L'épidémie concerne toutes les plantations d'épicéa, surtout en plaine.
Dans le Grand-Est, on estime à plus d'un million de mètres cubes le volume des bois scolytés. Pour Didier Daclin, responsable du syndicat des propriétaires-sylviculteurs de Moselle, c'est une catastrophe "pire que la tempête de 1999".
Elle ne se limite pas à la région, ni même à la France: l'Allemagne et certains pays de l'Est sont encore plus sévèrement touchés. Des montagnes de bois s'accumulent un peu partout en Europe.

Vente au rabais

Les exploitants forestiers ne savent pas ce qu'ils vont en faire: la plupart des grumes sont impropres à une transformation "noble" en scierie.
Les papetiers ne prennent que du bois fraîchement coupé. Reste à le vendre au rabais pour en faire des palettes, des panneaux de particules, ou des pellets de chaufferie. 
Résultat, le cours de l'épicéa est en chute libre: 80% de moins que l'an passé. Une catastrophe économique pour toute la filière.

Des pertes qui ne seront pas épongées l'an prochain : en forêt, le cycle de production se mesure en décennies. Déjà, il faut songer au reboisement des forêts sinistrées, un reboisement qui doit tenir compte de la nouvelle donne climatique.
En forêt d'Avricourt, les propriétaires ont de la chance dans leur malheur: les épicéas étaient mélangées à d'autres essences, feuillus ou pins sylvestres, résistantes au scolyte. La forêt ne sera pas totalement rasée. Mais ce n'est pas le plus fréquent. Au siècle précédent, des milliers d'hectares ont été livrés à la monoculture de l'épicéa, un arbre "rentable" qui pousse vite et droit.

Selon Didier Daclin, ce type d'exploitation va disparaître. La forêt de demain sera mixte, associant plusieurs essences dans un subtil dosage pour limiter les risques sanitaires. Un modèle par ailleurs plus favorable à la biodiversité et à la préservation des sols.

Coupe claire

Mais le reboisement nécessitera du temps, de l'argent... Et des compétences. Les propriétaires forestiers ne sont pas forcément qualifiés. Ils sont assistés dans leurs choix par les 360 techniciens du Centre National de la Propriété Forestière (CNPF), un établissement public rattaché au ministère de l'Agriculture. C'est peu, pour s'occuper des trois quarts de la forêt française, détenus par des propriétaires privés. A comparer aux 4.000 agents de l'ONF affectés aux forêts publiques.

Curieusement, c'est en pleine crise de la forêt française que le gouvernement s'apprête à réduire de 15% la dotation du CNPF. Cette coupe claire résulte de la baisse des taxes foncières payées (entre autres) par les forestiers. Mais ceux-ci ne décolèrent pas : ils préfèrent continuer à verser l'impôt et bénéficier de ce soutien technique.

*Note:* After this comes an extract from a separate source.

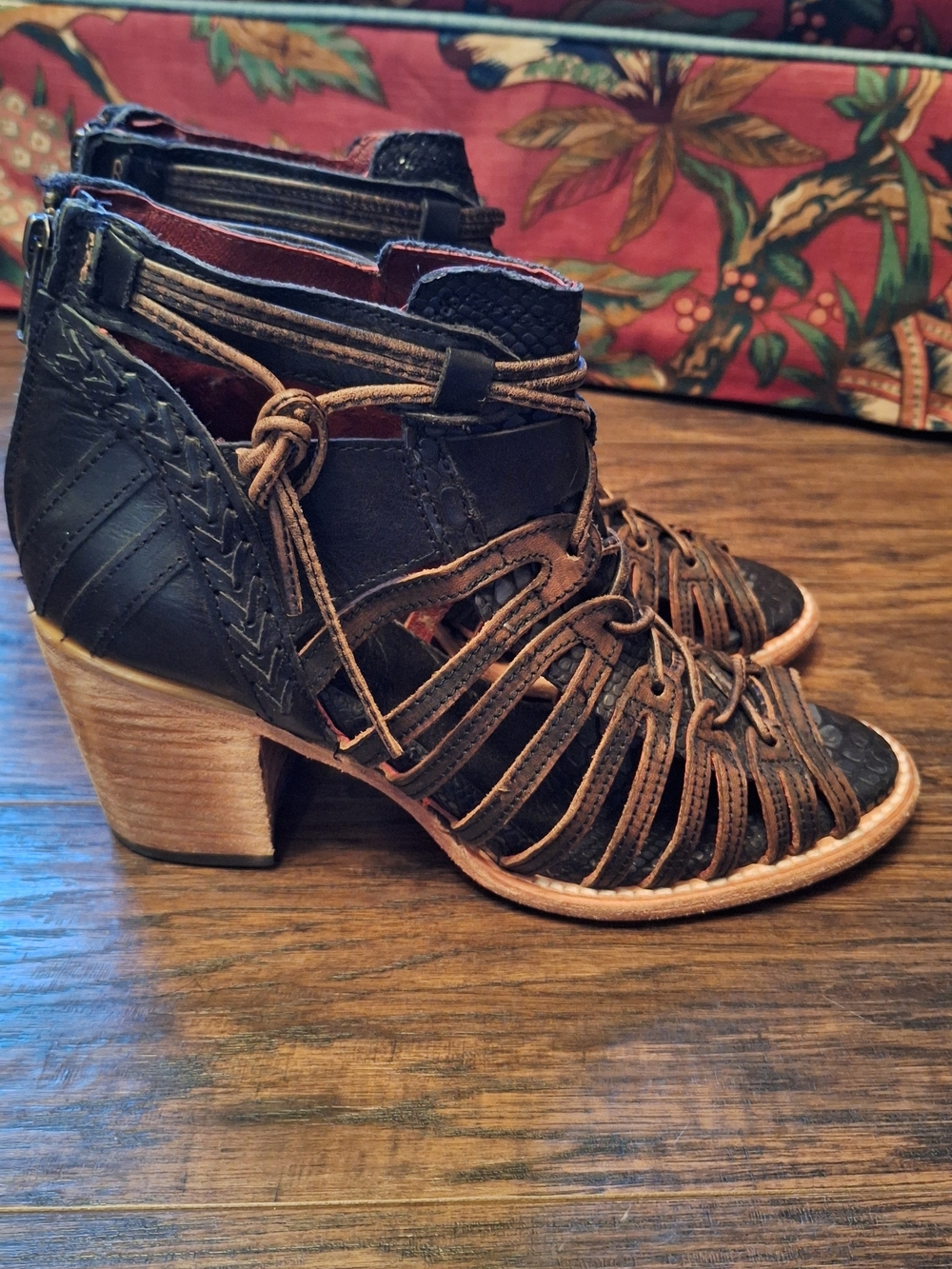Freebird by Steven Brown and Black Braided Lace-Up Leather Sandals EUC - Picture 4 of 8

On ne comprend pas .. . On entend le Président de la République se mobiliser pour la forêt amazonienne... Et amputer les crédits du "médecin de la forêt" en France!
- Jean Birck, propriétaire forestier lorrain

Plus largement, les propriétaires sylviculteurs ont le sentiment que les pouvoirs publics n'ont pas pris la mesure de la catatrophe en cours. Le gouvernement allemand, de son côté, s'apprête à verser 800 millions d'euros, sur quatre ans, pour préserver les massifs forestiers.

La forêt, qu'elle soit publique ou privée, représente à la fois un enjeu économique et un atout écologique : elle fixe des millions de tonnes de carbone et abrite une grande partie de la biodiversité dans notre pays. Confrontée au problème climatique, elle pourrait être une partie de la solution. Encore faut-il s'en donner les moyens.